▶ Task statement: Set down exactly the lines that run from the one containing "GA license plate PWT5096" to the end of the material below, both included, without pictures.

▶ Information provided:
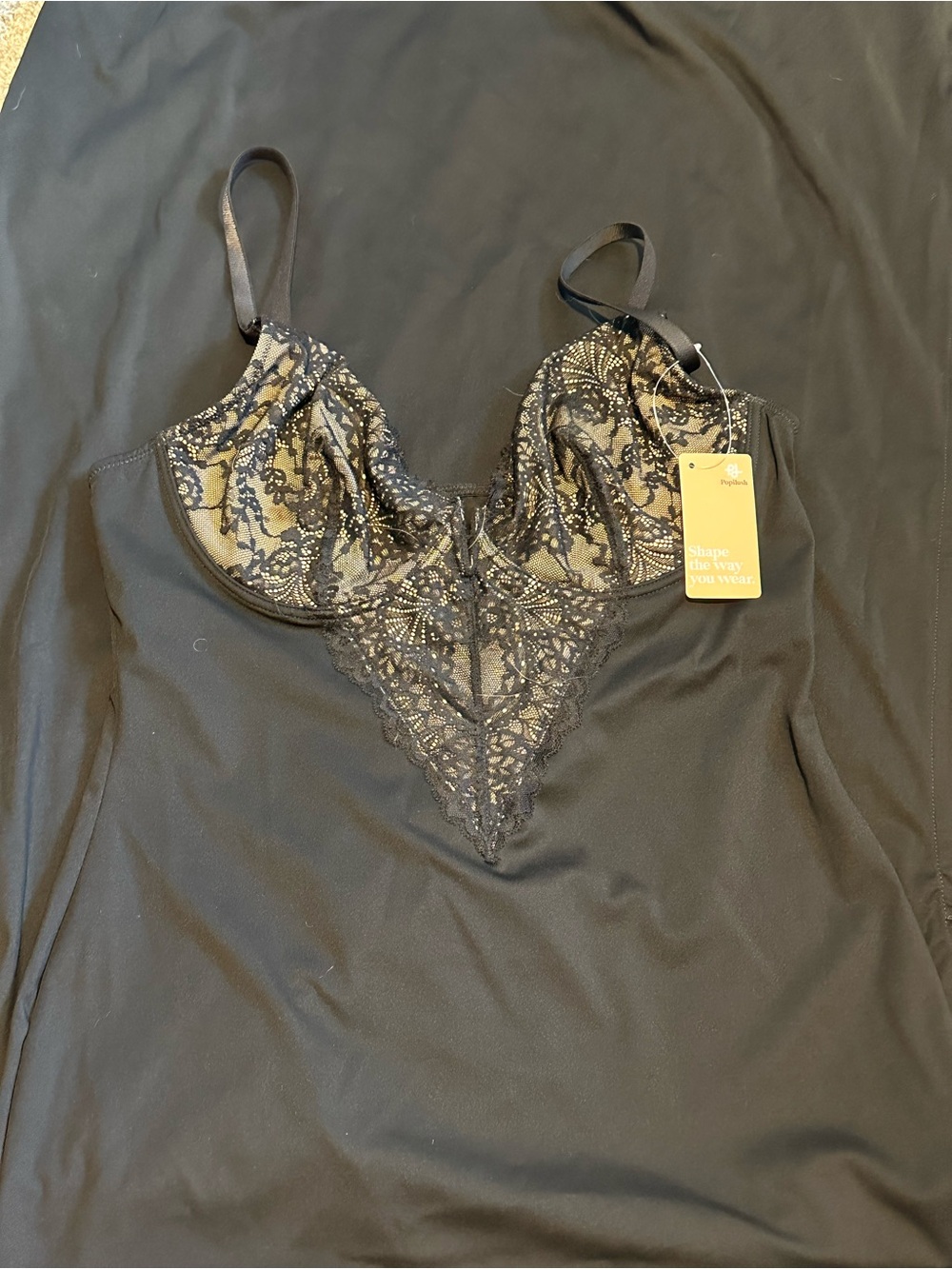 Black Lace-Trim Slip Chemise with Sheer Embroidered Cups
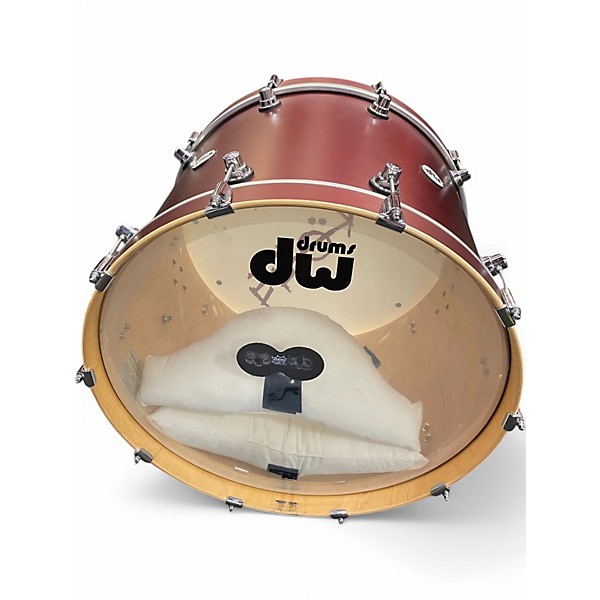 Used DW 3 Piece Design Series Crimson Satin Metallic Drum Kit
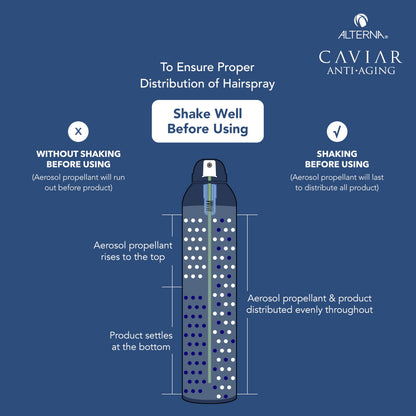 Alterna CAVIAR Anti-Aging Working Hairspray | Buildable, Brushable Hold | Helps Control Frizz & Adds Shine | Sulfate Free
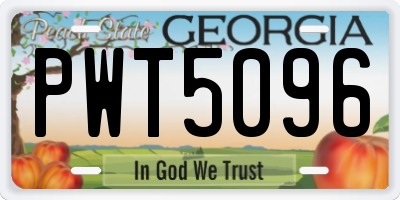 GA license plate PWT5096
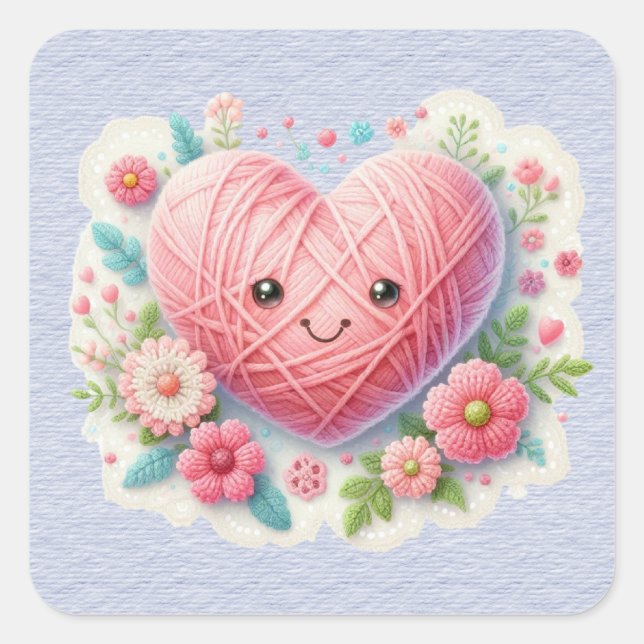Sticker Carré Visage rose Fil Valentine Coeur (Devant)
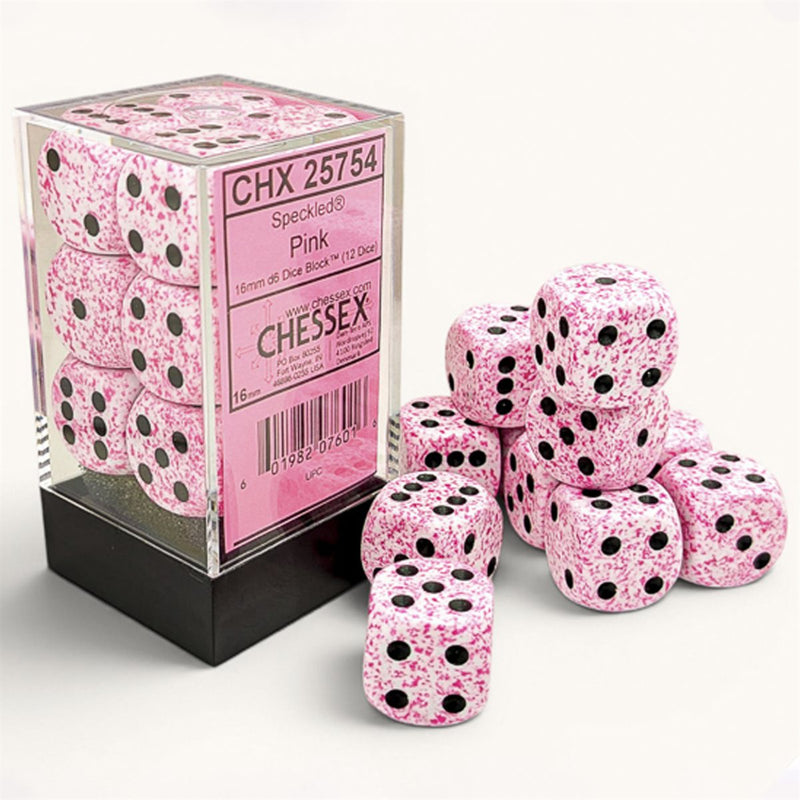 12D6 Speckled Pink Dice Block - 16mm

▶ Exercise response:
 GA license plate PWT5096
Sticker Carré Visage rose Fil Valentine Coeur (Devant)
 12D6 Speckled Pink Dice Block - 16mm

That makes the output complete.